# Helen Luz in the fold



## 4ever_bball_fan (Aug 5, 2004)

I have not seen this in print yet, but I spoke with the Comets' ticket office and they verified that Helen Luz has joined the team. I didn't find out what that meant to Rangland, but it is very good news for Comets fans.

All this wrangling about not having a true point guard, and Van comes up with a peach of one...and Janeth's running buddy at that. Luz talent stands on it's own though. She is quick and has a great three-ball shot.

Look out world...you ain't seen nothin' in Red yet! 

:allhail:


----------



## sagebrush (May 13, 2003)

why is that such good news. luz played in washington and was nothing special.


----------



## 4ever_bball_fan (Aug 5, 2004)

sage...did you watch the Olympics???

I know you won't say that she is not a good shooter??? You might not think she is the best pg ever, but compared to what we are looking at in CometsLand right now, she will be more than servicable and get to play with her Brazillian buddy, Arcain.

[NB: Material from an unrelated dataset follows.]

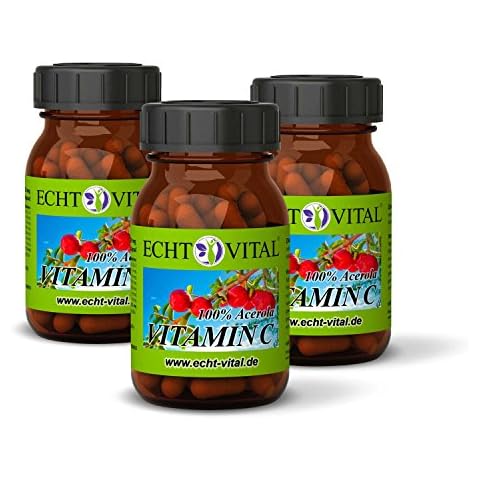 ECHT VITAL Vitamin C Kapseln | 100 % Acerola Kirsche Extrakt Cover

We haven't seen her in the W since 2002, and who knows what the coaching crisis of the day was for the Mystics during that time.

I have to also post here that this transaction has not been verified in any way, other than the mention in the Brazillian newspapers. I am hoping that it happens.


----------



## sagebrush (May 13, 2003)

No I didn't watch the olympics. All I know is she did nothing for my Mystics. Yes she is a good shooter. I hope she does well in Houston.


----------